Reforma da Previdência estadual é apontada como solução
O líder do Bloco Liberdade e Progresso, deputado Cássio Soares (PSD), disse que ainda não está convencido de que o Regime de Recuperação Fiscal seja a melhor opção para Minas. Mas, para o deputado, a solução para a crise econômica passa, obrigatoriamente, pela inclusão dos estados na reforma da previdência proposta pela União.
Cássio Soares questionou o secretário Custódio de Mattos sobre quais ações o governador Romeu Zema tem implementado para garantir que Estados e municípios sejam automaticamente incluídos na reforma previdenciária.
O secretário disse que a inclusão é de interesse do governo, que está empenhado pessoalmente em convencer a bancada mineira no Congresso a votar nesse sentido.
Salários dos secretários - Como parte do que teria sido uma "campanha antipolítica do governador", os deputados Alencar da Silveira Jr. (PDT) e Sávio Souza Cruz relembraram promessa de campanha do governador Romeu Zema de não receber nem pagar salários aos secretários de Estado, enquanto os servidores públicos estivessem recebendo a remuneração parcelada, o que na prática não chegou a ser feito.
O deputado Alencar da Silveira Jr. também lamentou que o governador tenha vetado o dispositivo do projeto de reforma administrativa (acrescido por emenda desse parlamentar) que proibia o acúmulo da remuneração de secretários de Estado com parcela indenizatória pela participação em conselhos de estatais. Ainda perguntou a Custódio de Mattos se ele permaneceria no governo ganhando apenas os R$ 10 mil relativos ao salário de secretário.
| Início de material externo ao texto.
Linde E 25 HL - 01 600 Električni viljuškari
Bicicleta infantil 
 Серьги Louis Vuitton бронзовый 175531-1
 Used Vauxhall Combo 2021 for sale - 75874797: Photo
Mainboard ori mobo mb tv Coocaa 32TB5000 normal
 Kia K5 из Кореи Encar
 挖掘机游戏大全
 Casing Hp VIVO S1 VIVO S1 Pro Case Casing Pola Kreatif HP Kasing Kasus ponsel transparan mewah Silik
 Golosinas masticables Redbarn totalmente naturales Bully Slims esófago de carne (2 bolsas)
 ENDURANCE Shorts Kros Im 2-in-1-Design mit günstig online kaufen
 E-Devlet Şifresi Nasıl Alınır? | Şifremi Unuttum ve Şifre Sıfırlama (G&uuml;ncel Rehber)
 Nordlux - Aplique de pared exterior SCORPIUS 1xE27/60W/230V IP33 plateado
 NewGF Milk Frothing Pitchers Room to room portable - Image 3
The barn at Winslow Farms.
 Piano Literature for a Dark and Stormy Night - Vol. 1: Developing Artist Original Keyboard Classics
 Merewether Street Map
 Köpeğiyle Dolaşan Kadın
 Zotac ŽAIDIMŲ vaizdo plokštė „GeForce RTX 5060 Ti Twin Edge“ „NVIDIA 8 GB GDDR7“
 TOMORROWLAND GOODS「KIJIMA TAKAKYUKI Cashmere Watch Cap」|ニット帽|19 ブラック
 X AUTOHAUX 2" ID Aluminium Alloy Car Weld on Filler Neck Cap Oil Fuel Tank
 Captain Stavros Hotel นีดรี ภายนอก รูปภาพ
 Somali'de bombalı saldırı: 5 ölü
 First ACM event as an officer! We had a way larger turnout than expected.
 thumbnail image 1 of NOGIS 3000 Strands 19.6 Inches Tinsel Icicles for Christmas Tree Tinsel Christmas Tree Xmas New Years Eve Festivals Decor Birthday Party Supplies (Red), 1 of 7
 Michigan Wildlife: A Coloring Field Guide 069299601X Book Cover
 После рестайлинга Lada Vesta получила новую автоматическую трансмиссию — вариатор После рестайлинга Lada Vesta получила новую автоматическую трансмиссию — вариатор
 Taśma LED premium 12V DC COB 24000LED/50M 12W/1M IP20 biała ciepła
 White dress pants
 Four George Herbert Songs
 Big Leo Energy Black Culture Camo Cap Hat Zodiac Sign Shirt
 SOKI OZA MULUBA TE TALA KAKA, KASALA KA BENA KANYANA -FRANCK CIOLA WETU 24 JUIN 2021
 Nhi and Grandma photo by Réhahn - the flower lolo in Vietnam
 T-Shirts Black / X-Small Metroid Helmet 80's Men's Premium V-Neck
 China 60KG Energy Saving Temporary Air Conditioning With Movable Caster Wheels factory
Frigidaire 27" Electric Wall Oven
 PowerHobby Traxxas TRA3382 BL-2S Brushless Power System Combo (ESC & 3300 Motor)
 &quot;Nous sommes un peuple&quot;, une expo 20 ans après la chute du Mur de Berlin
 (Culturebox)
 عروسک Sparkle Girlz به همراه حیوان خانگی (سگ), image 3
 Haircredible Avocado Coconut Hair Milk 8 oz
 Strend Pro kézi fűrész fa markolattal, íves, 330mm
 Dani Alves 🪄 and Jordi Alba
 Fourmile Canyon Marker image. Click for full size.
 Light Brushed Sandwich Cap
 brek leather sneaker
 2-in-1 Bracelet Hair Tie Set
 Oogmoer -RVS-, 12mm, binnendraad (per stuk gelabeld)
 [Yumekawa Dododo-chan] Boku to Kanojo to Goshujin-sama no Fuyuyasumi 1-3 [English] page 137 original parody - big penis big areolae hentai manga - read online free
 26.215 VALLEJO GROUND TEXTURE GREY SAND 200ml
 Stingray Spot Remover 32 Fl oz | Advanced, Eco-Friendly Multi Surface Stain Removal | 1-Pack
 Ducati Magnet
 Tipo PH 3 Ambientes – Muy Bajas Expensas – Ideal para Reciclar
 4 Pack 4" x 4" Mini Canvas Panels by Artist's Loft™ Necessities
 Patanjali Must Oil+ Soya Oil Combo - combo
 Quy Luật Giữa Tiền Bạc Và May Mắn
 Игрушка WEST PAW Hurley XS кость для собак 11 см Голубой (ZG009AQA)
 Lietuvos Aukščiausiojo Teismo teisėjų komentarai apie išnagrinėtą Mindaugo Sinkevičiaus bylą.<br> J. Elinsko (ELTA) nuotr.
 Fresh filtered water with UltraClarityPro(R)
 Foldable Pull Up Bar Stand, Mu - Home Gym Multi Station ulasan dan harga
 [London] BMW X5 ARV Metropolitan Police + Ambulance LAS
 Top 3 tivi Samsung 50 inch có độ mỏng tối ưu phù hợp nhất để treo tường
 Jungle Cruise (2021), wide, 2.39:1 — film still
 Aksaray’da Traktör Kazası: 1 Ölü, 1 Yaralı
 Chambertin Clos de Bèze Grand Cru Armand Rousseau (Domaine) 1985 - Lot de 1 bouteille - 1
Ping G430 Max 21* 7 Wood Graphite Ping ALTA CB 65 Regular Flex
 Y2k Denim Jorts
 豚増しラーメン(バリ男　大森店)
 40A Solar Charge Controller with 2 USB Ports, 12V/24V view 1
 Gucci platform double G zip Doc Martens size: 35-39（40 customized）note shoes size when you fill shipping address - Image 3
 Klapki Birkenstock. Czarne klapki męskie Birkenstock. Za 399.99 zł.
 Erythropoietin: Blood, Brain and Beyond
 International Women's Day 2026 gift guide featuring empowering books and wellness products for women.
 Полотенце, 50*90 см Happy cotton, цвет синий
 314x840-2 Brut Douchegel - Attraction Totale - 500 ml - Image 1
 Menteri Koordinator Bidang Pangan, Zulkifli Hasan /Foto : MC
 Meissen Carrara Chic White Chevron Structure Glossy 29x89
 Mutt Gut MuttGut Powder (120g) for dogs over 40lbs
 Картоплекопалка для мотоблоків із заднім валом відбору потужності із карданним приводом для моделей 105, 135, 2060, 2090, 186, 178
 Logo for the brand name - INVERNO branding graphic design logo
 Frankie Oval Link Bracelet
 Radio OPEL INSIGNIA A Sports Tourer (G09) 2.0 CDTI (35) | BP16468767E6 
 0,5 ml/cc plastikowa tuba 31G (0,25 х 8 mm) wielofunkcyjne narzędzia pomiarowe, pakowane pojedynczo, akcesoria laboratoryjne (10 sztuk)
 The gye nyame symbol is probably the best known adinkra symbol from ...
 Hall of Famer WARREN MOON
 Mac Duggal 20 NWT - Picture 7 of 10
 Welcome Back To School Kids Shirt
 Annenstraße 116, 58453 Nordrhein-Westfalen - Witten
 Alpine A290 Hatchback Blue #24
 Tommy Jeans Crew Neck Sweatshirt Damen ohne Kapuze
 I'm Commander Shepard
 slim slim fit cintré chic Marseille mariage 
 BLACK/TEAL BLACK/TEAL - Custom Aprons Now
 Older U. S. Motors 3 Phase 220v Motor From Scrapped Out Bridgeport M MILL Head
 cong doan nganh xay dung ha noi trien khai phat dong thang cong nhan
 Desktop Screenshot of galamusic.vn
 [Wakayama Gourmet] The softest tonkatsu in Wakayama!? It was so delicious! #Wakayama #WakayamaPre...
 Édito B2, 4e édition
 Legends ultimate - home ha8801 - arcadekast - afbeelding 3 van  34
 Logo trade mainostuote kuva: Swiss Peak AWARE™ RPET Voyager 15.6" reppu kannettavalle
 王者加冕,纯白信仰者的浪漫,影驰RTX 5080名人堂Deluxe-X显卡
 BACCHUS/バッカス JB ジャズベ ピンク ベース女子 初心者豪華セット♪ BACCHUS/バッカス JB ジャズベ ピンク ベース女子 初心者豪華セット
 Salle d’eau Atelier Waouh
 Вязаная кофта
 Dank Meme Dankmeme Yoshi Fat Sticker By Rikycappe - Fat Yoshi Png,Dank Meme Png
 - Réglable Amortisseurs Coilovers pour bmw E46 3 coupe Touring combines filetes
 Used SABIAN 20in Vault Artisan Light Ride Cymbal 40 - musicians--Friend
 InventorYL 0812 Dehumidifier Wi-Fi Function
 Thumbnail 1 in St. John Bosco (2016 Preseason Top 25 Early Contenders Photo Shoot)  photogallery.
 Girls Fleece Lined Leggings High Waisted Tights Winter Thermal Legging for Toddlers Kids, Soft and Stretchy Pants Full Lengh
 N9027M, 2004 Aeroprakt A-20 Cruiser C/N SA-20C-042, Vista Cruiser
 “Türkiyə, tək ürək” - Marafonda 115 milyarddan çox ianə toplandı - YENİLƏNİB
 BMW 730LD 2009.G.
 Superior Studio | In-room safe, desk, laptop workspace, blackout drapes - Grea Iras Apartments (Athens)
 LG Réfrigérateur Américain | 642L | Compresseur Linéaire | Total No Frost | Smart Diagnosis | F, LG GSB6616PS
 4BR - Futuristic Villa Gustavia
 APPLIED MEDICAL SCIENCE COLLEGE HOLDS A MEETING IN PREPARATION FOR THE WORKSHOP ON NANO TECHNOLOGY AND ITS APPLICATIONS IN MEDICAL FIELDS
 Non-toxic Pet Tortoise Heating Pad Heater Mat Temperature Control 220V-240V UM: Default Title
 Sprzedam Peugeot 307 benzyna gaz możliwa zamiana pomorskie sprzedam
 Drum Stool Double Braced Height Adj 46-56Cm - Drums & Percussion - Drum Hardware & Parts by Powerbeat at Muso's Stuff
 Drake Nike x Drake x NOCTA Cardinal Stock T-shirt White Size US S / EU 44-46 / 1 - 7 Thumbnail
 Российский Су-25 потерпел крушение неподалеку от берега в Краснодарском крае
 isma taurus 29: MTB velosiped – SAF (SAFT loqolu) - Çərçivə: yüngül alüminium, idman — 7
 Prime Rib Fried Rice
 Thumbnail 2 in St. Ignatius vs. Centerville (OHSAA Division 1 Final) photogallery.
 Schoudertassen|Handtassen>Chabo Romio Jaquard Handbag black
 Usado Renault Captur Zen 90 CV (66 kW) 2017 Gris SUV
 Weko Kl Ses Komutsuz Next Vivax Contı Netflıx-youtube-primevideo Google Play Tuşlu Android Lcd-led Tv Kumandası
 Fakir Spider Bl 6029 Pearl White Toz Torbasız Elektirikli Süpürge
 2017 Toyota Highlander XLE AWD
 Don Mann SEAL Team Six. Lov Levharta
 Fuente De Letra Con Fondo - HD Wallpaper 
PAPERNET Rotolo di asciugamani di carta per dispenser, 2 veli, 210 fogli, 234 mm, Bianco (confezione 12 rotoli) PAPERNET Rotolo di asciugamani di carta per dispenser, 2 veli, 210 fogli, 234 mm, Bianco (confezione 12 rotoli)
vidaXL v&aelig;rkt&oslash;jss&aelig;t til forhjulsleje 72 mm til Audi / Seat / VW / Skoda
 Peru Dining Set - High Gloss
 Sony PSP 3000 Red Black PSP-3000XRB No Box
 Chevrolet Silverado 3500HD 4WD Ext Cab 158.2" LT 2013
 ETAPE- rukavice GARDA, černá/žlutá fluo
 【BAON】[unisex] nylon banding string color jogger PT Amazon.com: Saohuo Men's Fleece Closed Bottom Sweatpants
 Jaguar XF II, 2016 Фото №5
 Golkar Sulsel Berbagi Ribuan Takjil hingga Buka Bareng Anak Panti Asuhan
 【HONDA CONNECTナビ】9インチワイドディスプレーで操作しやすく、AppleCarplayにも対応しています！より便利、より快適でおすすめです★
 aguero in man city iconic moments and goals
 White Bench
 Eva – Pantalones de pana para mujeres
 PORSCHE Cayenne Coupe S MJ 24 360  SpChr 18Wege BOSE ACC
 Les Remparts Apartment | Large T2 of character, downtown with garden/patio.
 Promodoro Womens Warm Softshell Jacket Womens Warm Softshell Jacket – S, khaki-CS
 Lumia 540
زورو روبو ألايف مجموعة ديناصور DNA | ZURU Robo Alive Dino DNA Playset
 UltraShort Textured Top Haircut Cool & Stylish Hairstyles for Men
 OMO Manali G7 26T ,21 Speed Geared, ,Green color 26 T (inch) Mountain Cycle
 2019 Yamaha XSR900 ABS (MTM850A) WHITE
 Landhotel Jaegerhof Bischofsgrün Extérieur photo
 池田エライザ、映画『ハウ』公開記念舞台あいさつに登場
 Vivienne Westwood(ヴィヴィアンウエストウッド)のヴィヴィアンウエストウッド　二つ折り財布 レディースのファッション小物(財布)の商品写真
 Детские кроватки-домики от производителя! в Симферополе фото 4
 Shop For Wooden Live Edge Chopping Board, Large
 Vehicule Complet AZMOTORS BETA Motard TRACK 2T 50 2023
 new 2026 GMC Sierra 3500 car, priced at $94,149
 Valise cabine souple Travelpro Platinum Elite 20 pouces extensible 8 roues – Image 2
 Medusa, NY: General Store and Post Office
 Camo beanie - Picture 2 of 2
Custódio de Mattos afirmou que considera que o salário de R$ 10 mil é incompatível com as responsabilidades e os riscos jurídicos do cargo. "No início, para correção dessa situação, havia a intenção de aumentar os salários dos gestores, mas não foi possível, porque o Estado chegou no teto da Lei de Responsabilidade Fiscal", declarou.